Re: [PATCH RFC 1/4] fs/locks: Fix file lock cache accounting, again

Roman Gushchin <roman.gushchin@xxxxxxxxx> · Wed, 17 Jan 2024 13:50:22 -0800

On Wed, Jan 17, 2024 at 12:20:59PM -0800, Linus Torvalds wrote:
> On Wed, 17 Jan 2024 at 11:39, Josh Poimboeuf <jpoimboe@xxxxxxxxxx> wrote:
> >
> > That's a good point.  If the microbenchmark isn't likely to be even
> > remotely realistic, maybe we should just revert the revert until if/when
> > somebody shows a real world impact.
> >
> > Linus, any objections to that?
> 
> We use SLAB_ACCOUNT for much more common allocations like queued
> signals, so I would tend to agree with Jeff that it's probably just
> some not very interesting microbenchmark that shows any file locking
> effects from SLAB_ALLOC, not any real use.
> 
> That said, those benchmarks do matter.
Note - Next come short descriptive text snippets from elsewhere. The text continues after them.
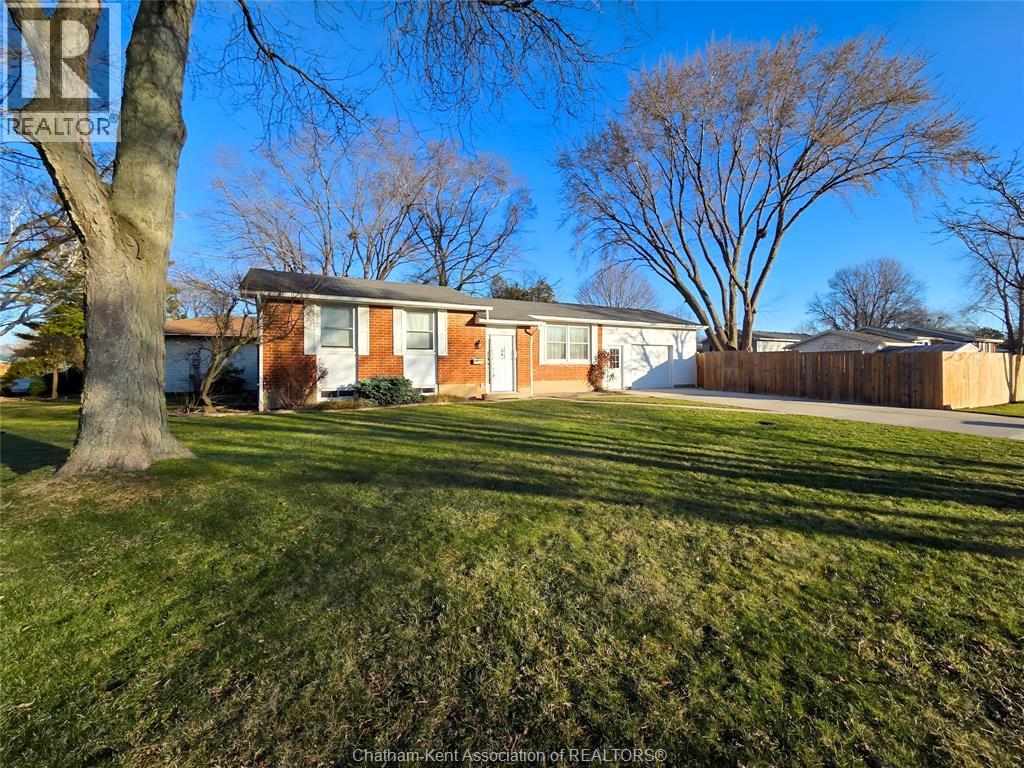 27 Blythewood Crescent, Chatham, Ontario  N7M 5N5 - Photo 5 - 26005088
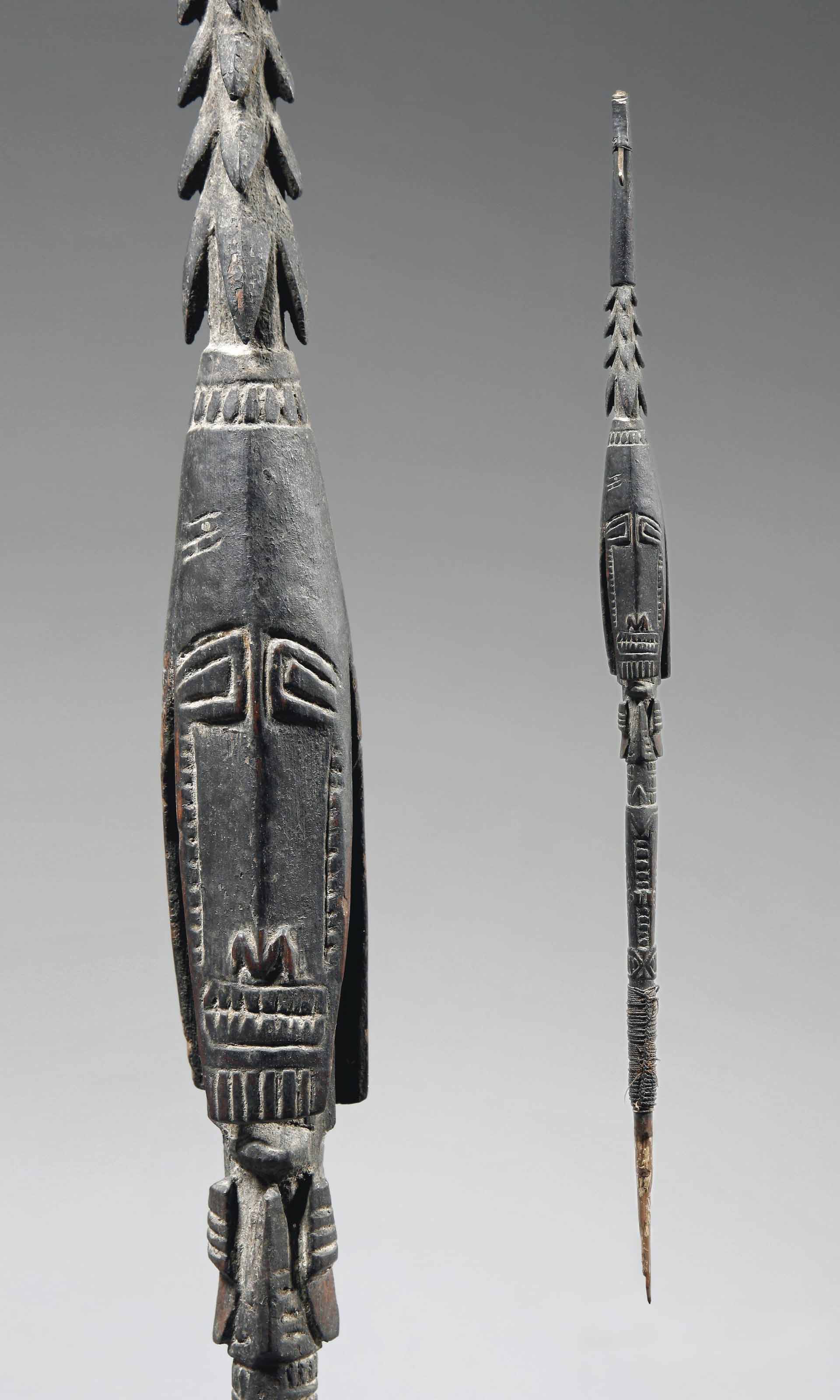 FIGURE DE FAÎTAGE CEREMONIELLE BIWAT A CEREMONIAL ROOF FIGURE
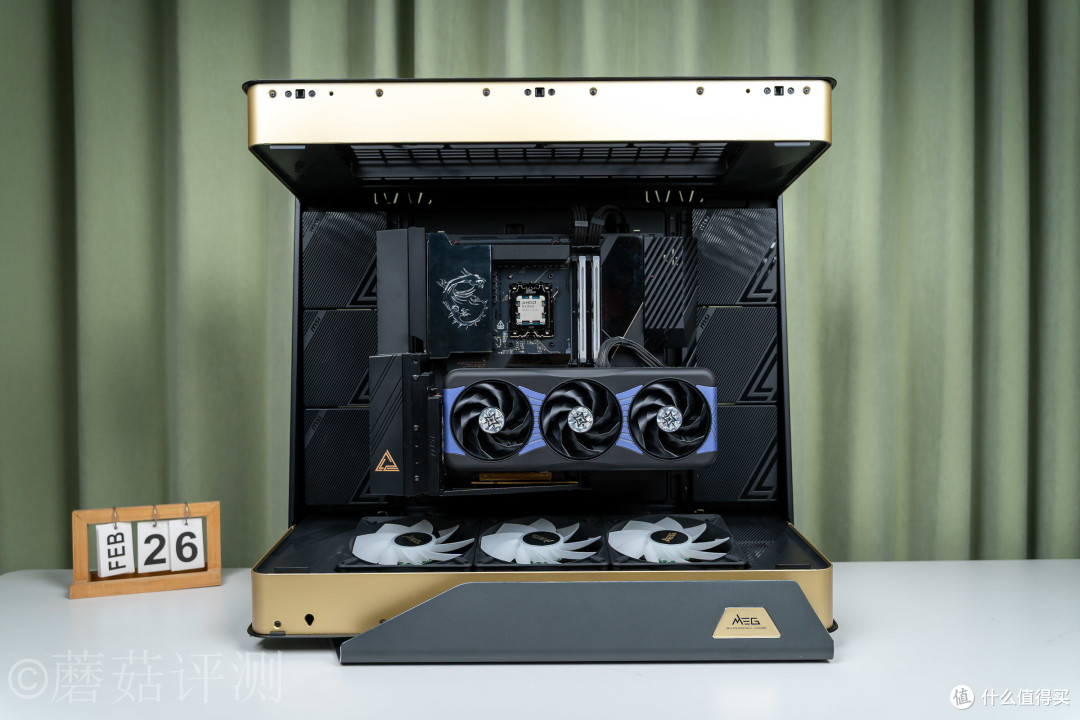 水冷还能怎么卷?上裸眼3D!微星MEG CORELIQUID E15 360超神水冷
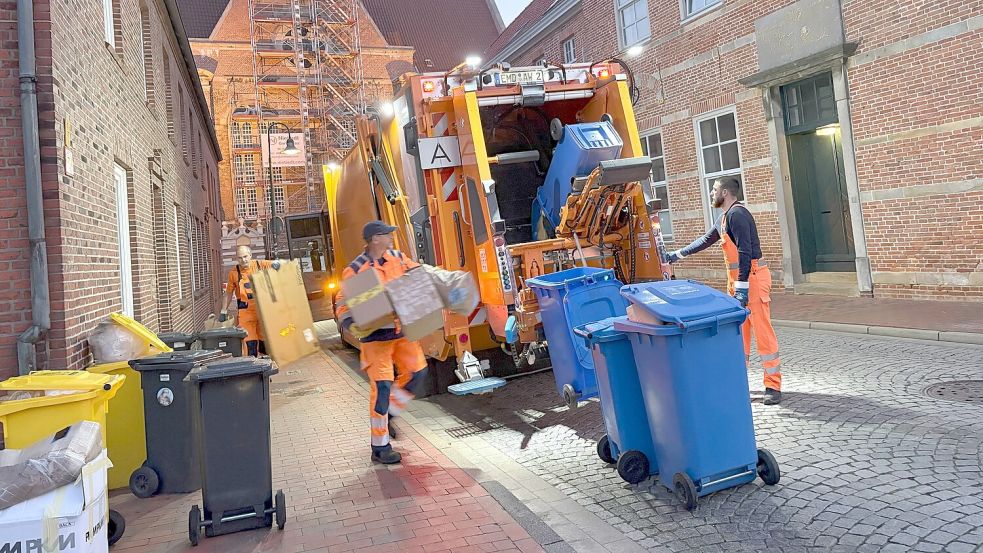 Mit dem E-Müllwagen durch Faldern: Auch hier packen alle an, es muss schnell gehen. Fotos: Stephanie Schuurman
It's very easy to say "not
> relevant in the big picture" and then the end result is that
> everything is a bit of a pig.
> 
> And the regression was absolutely *ENORMOUS*. We're not talking "a few
> percent". We're talking a 33% regression that caused the revert:
> 
>    https://lore.kernel.org/lkml/20210907150757.GE17617@xsang-OptiPlex-9020/
> 
> I wish our SLAB_ACCOUNT wasn't such a pig. Rather than account every
> single allocation, it would be much nicer to account at a bigger
> granularity, possibly by having per-thread counters first before
> falling back to the obj_cgroup_charge. Whatever.
> 
> It's kind of stupid to have a benchmark that just allocates and
> deallocates a file lock in quick succession spend lots of time
> incrementing and decrementing cgroup charges for that repeated
> alloc/free.
> 
> However, that problem with SLAB_ACCOUNT is not the fault of file
> locking, but more of a slab issue.
> 
> End result: I think we should bring in Vlastimil and whoever else is
> doing SLAB_ACCOUNT things, and have them look at that side.
> 
> And then just enable SLAB_ACCOUNT for file locks. But very much look
> at silly costs in SLAB_ACCOUNT first, at least for trivial
> "alloc/free" patterns..
> 
> Vlastimil? Who would be the best person to look at that SLAB_ACCOUNT
> thing?

Probably me.

I recently did some work on improving the kmem accounting performance,
which is mentioned in this thread and shaves off about 30%:
https://lore.kernel.org/lkml/20231019225346.1822282-1-roman.gushchin@xxxxxxxxx/

Overall the SLAB_ACCOUNT overhead looks big on micro-benchmarks simple because
SLAB allocation path is really fast, so even touching a per-cpu variable adds
a noticeable overhead. There is nothing particularly slow on the kmem allocation
and release paths, but saving a memcg/objcg pointer, bumping the charge
and stats adds up, even though we have batching in place.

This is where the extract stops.